→ ASSIGNED TASK: Every line from the one containing "Kovový držiak /" to the end of the data below should be copied exactly, but pictures should not.

DATA PROVIDED: Begin

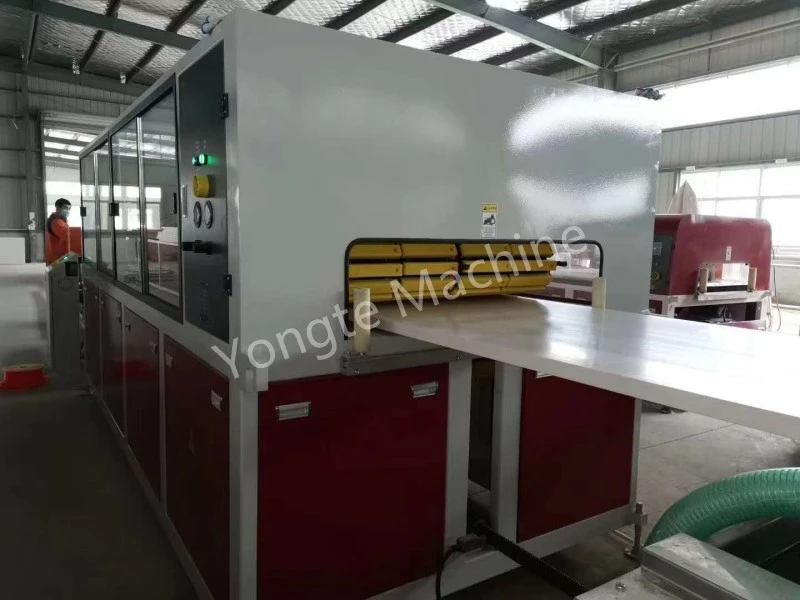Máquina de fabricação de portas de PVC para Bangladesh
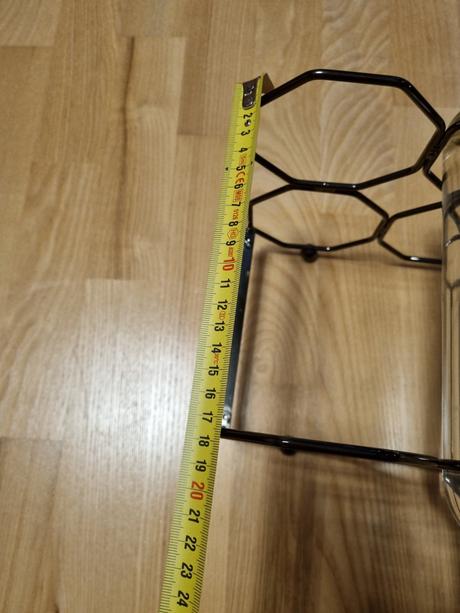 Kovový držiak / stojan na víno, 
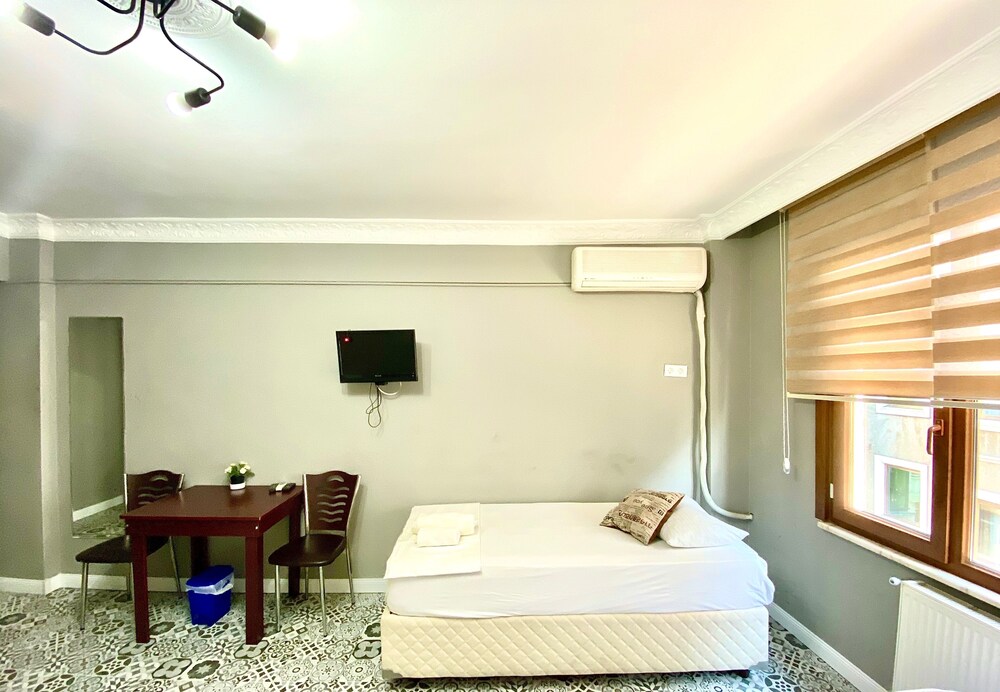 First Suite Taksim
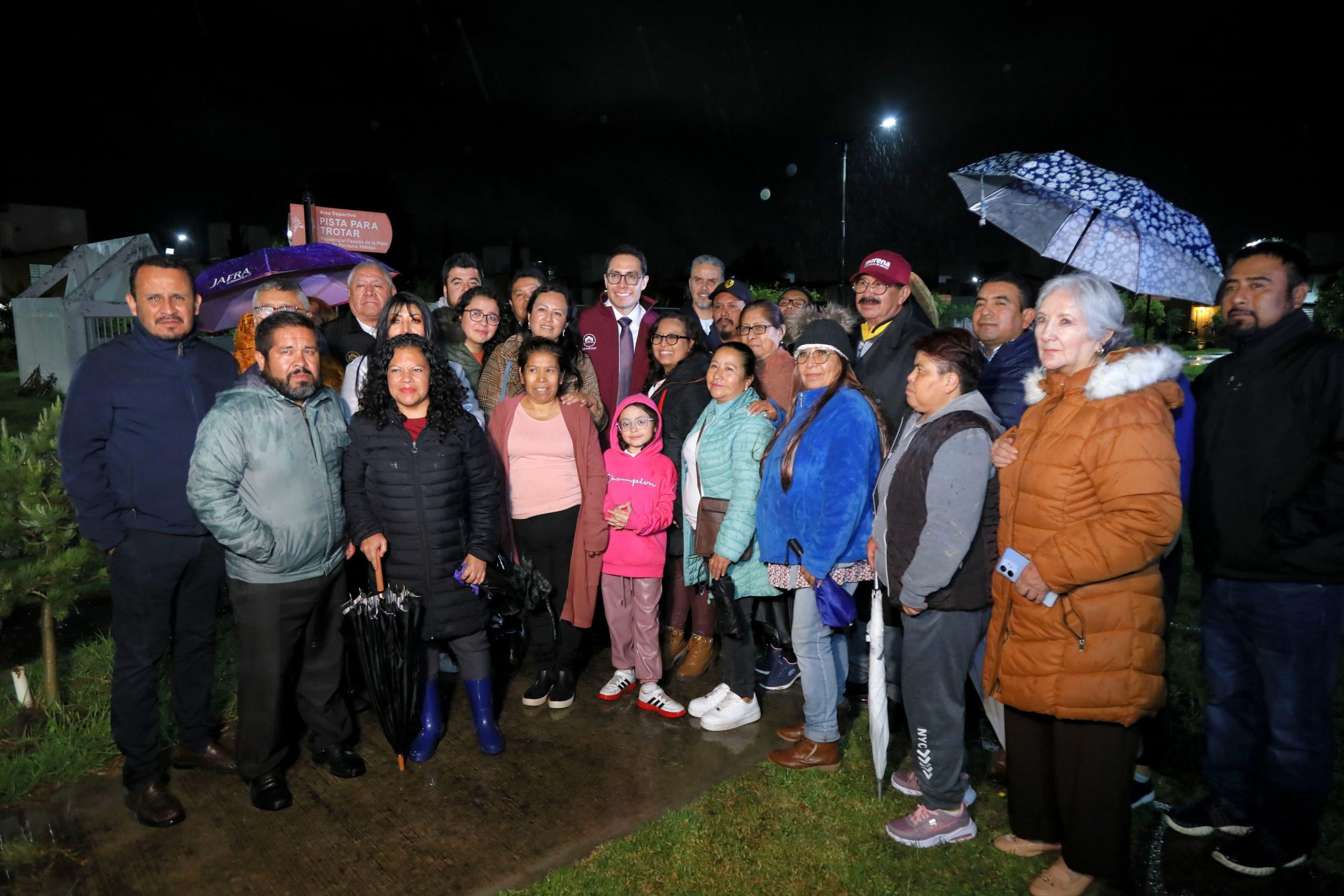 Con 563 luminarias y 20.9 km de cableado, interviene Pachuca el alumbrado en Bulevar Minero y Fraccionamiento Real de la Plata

DATA PROVIDED: End

→ ANSWER TO THE PROBLEM:
 Kovový držiak / stojan na víno, 
 First Suite Taksim
 Con 563 luminarias y 20.9 km de cableado, interviene Pachuca el alumbrado en Bulevar Minero y Fraccionamiento Real de la Plata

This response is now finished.